● **What to work on**: Begin with the line below holding "Now let's discuss" and go on through the line holding "Another famous metric", duplicating each line exactly and leaving out pictures.

● **Data extracts**:
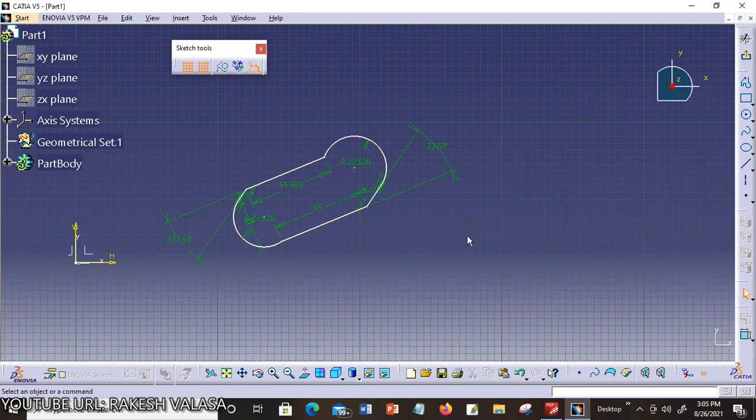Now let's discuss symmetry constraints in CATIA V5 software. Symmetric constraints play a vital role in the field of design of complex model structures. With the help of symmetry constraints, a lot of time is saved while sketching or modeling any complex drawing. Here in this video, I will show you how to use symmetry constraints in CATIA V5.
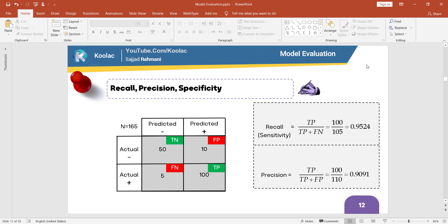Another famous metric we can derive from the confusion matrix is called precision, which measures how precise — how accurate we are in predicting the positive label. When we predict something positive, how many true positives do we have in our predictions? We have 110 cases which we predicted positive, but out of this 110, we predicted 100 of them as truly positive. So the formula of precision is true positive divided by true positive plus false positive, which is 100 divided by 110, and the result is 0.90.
* * *
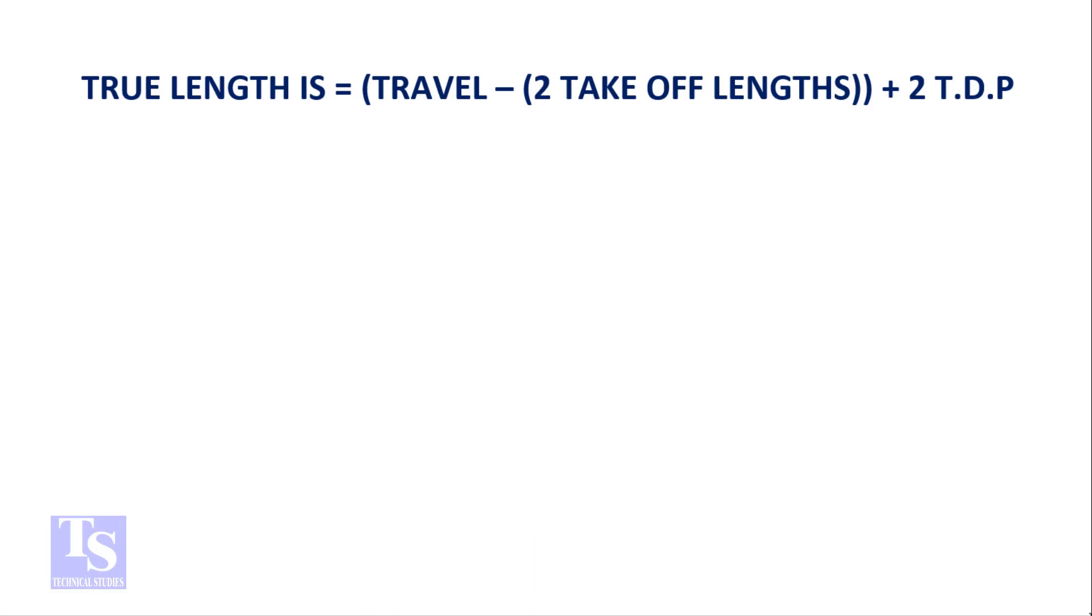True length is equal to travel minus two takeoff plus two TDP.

● **Result below**:
Now let's discuss symmetry constraints in CATIA V5 software. Symmetric constraints play a vital role in the field of design of complex model structures. With the help of symmetry constraints, a lot of time is saved while sketching or modeling any complex drawing. Here in this video, I will show you how to use symmetry constraints in CATIA V5.
Another famous metric we can derive from the confusion matrix is called precision, which measures how precise — how accurate we are in predicting the positive label. When we predict something positive, how many true positives do we have in our predictions? We have 110 cases which we predicted positive, but out of this 110, we predicted 100 of them as truly positive. So the formula of precision is true positive divided by true positive plus false positive, which is 100 divided by 110, and the result is 0.90.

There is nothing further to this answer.